NAACP Urges Swift Enactment of Legislation to Address Racial Disparities in the American Criminal Justice System

The Issue:
While people may argue about the reasons behind it, few would disagree that extensive racial and ethnic disparities exist today in the American criminal justice system.  These disparities are particularly true for African American men and boys, who are grossly overrepresented at every stage of the judicial process, from initial contacts with police to punishments.  African Americans routinely receiving more jail time and harsher punishments; 42% of Americans currently on death row are African American.  Nearly a million African Americans today are incarcerated in prisons and in jails, and unless there is a change, a black male born today has a one-in-three chance of going to prison in his lifetime.  In fact, despite the fact that numerous studies show that African Americans and Caucasians use cocaine at roughly the same rate, statistics confirm that over 80% of those currently in prison for crack cocaine possession are African American. 
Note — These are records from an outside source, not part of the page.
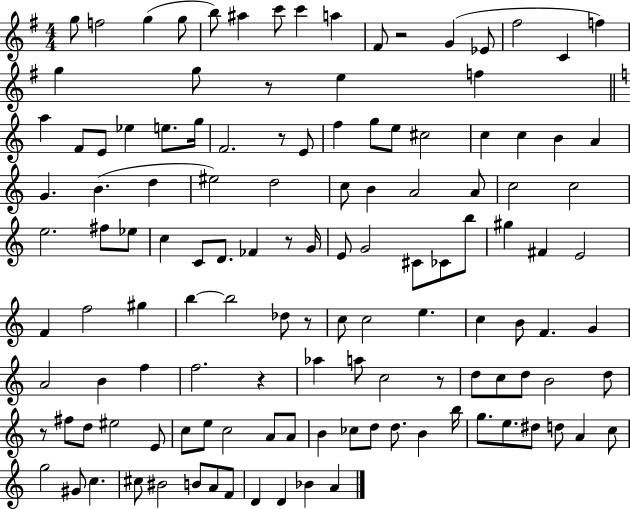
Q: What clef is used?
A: treble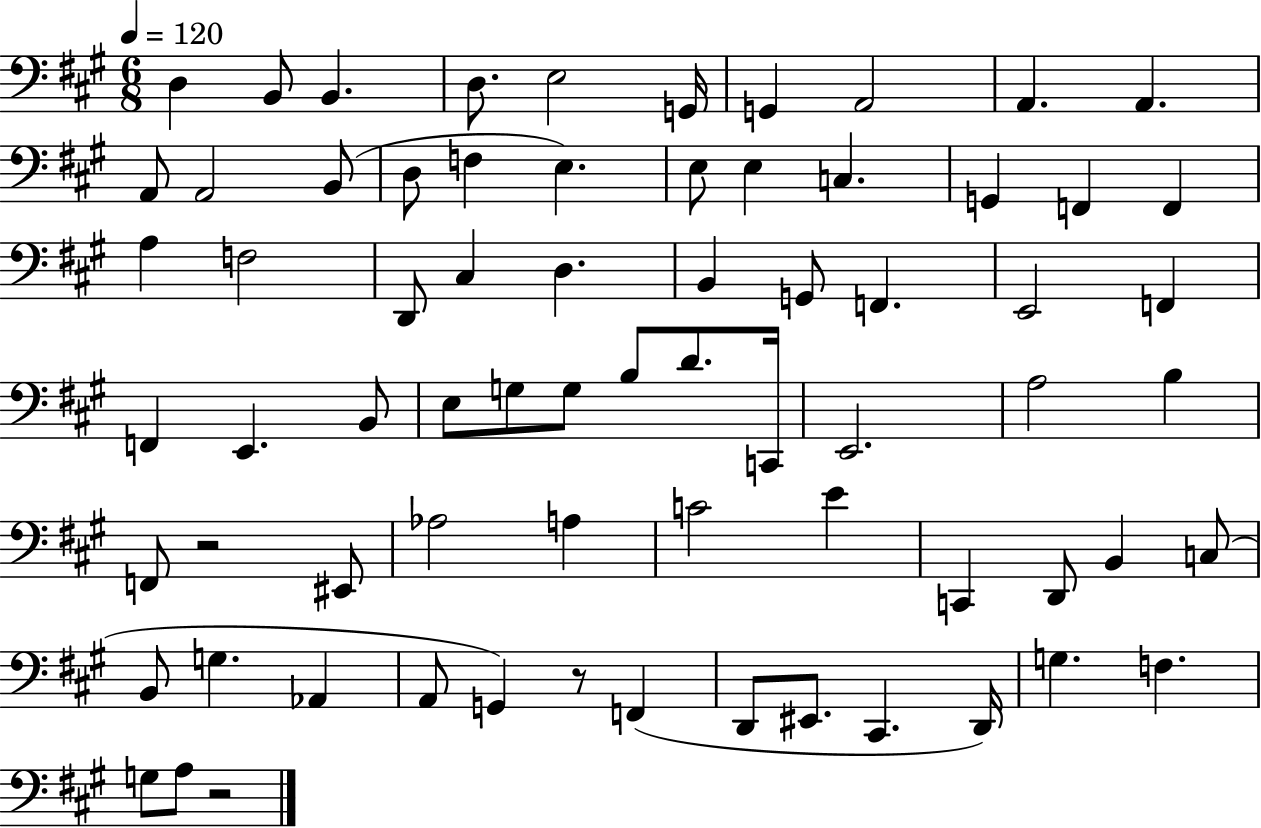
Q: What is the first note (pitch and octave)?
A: D3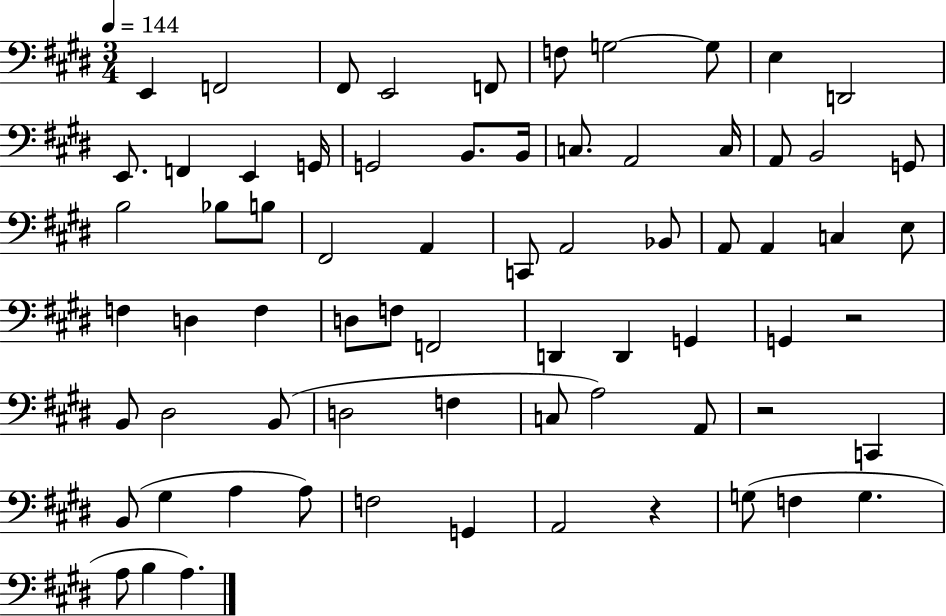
X:1
T:Untitled
M:3/4
L:1/4
K:E
E,, F,,2 ^F,,/2 E,,2 F,,/2 F,/2 G,2 G,/2 E, D,,2 E,,/2 F,, E,, G,,/4 G,,2 B,,/2 B,,/4 C,/2 A,,2 C,/4 A,,/2 B,,2 G,,/2 B,2 _B,/2 B,/2 ^F,,2 A,, C,,/2 A,,2 _B,,/2 A,,/2 A,, C, E,/2 F, D, F, D,/2 F,/2 F,,2 D,, D,, G,, G,, z2 B,,/2 ^D,2 B,,/2 D,2 F, C,/2 A,2 A,,/2 z2 C,, B,,/2 ^G, A, A,/2 F,2 G,, A,,2 z G,/2 F, G, A,/2 B, A,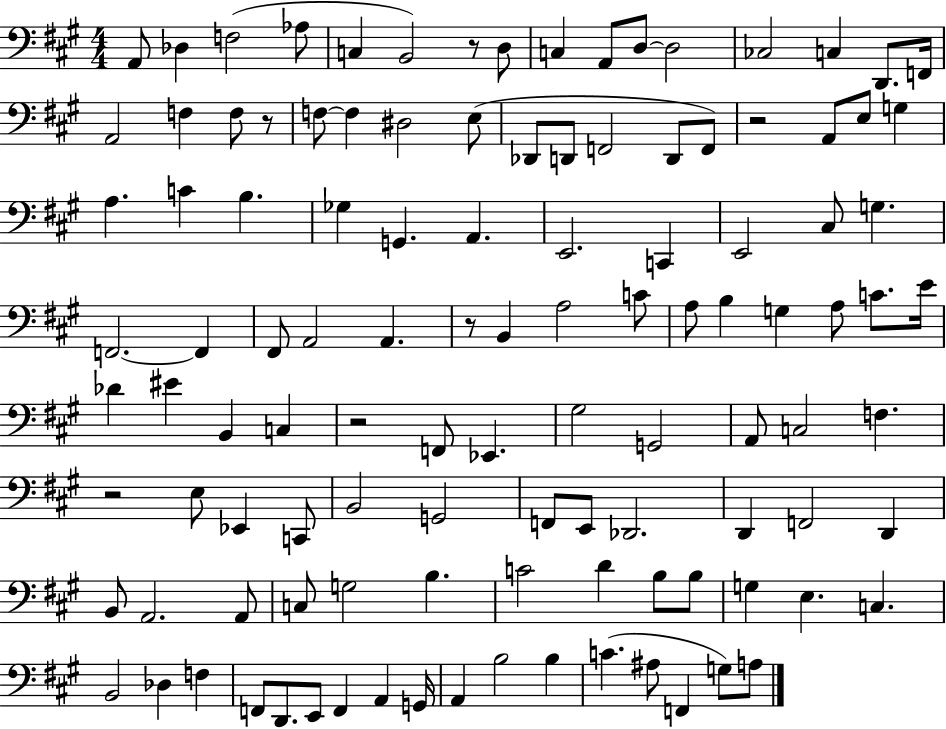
A2/e Db3/q F3/h Ab3/e C3/q B2/h R/e D3/e C3/q A2/e D3/e D3/h CES3/h C3/q D2/e. F2/s A2/h F3/q F3/e R/e F3/e F3/q D#3/h E3/e Db2/e D2/e F2/h D2/e F2/e R/h A2/e E3/e G3/q A3/q. C4/q B3/q. Gb3/q G2/q. A2/q. E2/h. C2/q E2/h C#3/e G3/q. F2/h. F2/q F#2/e A2/h A2/q. R/e B2/q A3/h C4/e A3/e B3/q G3/q A3/e C4/e. E4/s Db4/q EIS4/q B2/q C3/q R/h F2/e Eb2/q. G#3/h G2/h A2/e C3/h F3/q. R/h E3/e Eb2/q C2/e B2/h G2/h F2/e E2/e Db2/h. D2/q F2/h D2/q B2/e A2/h. A2/e C3/e G3/h B3/q. C4/h D4/q B3/e B3/e G3/q E3/q. C3/q. B2/h Db3/q F3/q F2/e D2/e. E2/e F2/q A2/q G2/s A2/q B3/h B3/q C4/q. A#3/e F2/q G3/e A3/e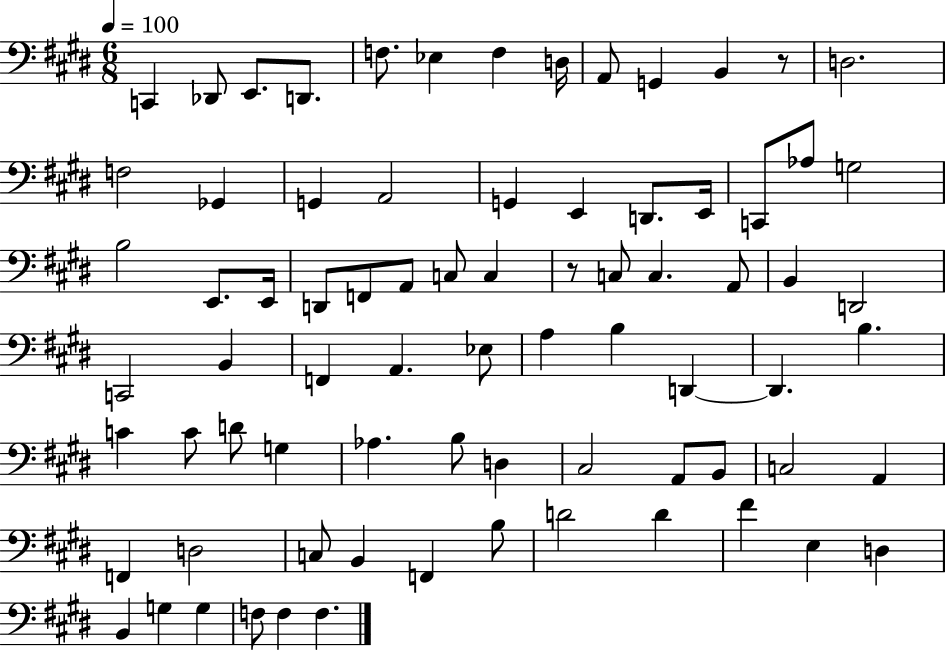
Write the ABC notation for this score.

X:1
T:Untitled
M:6/8
L:1/4
K:E
C,, _D,,/2 E,,/2 D,,/2 F,/2 _E, F, D,/4 A,,/2 G,, B,, z/2 D,2 F,2 _G,, G,, A,,2 G,, E,, D,,/2 E,,/4 C,,/2 _A,/2 G,2 B,2 E,,/2 E,,/4 D,,/2 F,,/2 A,,/2 C,/2 C, z/2 C,/2 C, A,,/2 B,, D,,2 C,,2 B,, F,, A,, _E,/2 A, B, D,, D,, B, C C/2 D/2 G, _A, B,/2 D, ^C,2 A,,/2 B,,/2 C,2 A,, F,, D,2 C,/2 B,, F,, B,/2 D2 D ^F E, D, B,, G, G, F,/2 F, F,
To address these disparities, Senators Joseph Biden (DE) and Arlen Specter (PA), both senior members of the Senate Judiciary Committee have introduced the bipartisan Justice Integrity Act (S.3245), which aims to address the issue of unwarranted racial disparities in the American criminal justice system.  This important legislation would establish 10 pilot programs to create local advisory groups charged with collecting and analyzing racial and ethnic data on charging, plea negotiations, sentencing recommendations and other factors involved in creating these disparities. 

It is difficult for Americans of color to have faith and confidence in the American judicial system when we know from experience that we are treated differently because of the color of our skin.  This lack of confidence in turn, makes us not only distrustful of the system at every level, but also makes it much less likely that we are willing to turn to or cooperate with the very people and institutions who are charged with protecting our safety and ensuring that our Constitutional rights are upheld.

While this legislation will not solve the problems overnight, it is a very important first step.  If we as a Nation are going to truly meet our potential, we must address these disparities, and thus we appreciate that you have taken this important first step.